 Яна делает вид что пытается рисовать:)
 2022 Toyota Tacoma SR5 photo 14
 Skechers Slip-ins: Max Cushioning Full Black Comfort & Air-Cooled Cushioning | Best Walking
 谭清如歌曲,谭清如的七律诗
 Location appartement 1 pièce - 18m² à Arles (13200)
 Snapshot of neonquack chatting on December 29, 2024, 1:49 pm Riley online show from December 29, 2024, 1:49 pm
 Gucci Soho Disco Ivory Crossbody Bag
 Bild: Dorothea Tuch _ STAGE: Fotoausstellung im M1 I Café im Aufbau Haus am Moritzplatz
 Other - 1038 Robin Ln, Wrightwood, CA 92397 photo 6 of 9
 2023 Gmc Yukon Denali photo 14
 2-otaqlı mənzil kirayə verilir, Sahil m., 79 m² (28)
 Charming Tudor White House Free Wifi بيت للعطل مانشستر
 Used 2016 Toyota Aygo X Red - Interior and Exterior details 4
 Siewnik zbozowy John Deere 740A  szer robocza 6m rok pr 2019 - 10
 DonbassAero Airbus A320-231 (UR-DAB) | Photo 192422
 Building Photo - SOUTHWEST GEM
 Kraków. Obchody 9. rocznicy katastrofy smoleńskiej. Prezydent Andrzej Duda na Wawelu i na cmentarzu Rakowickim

WHAT YOU HAVE TO DO – Which lines of the material contain the string "Toyota"? List each of them.

RESULT OF THE EXERCISE –
 2022 Toyota Tacoma SR5 photo 14
 Used 2016 Toyota Aygo X Red - Interior and Exterior details 4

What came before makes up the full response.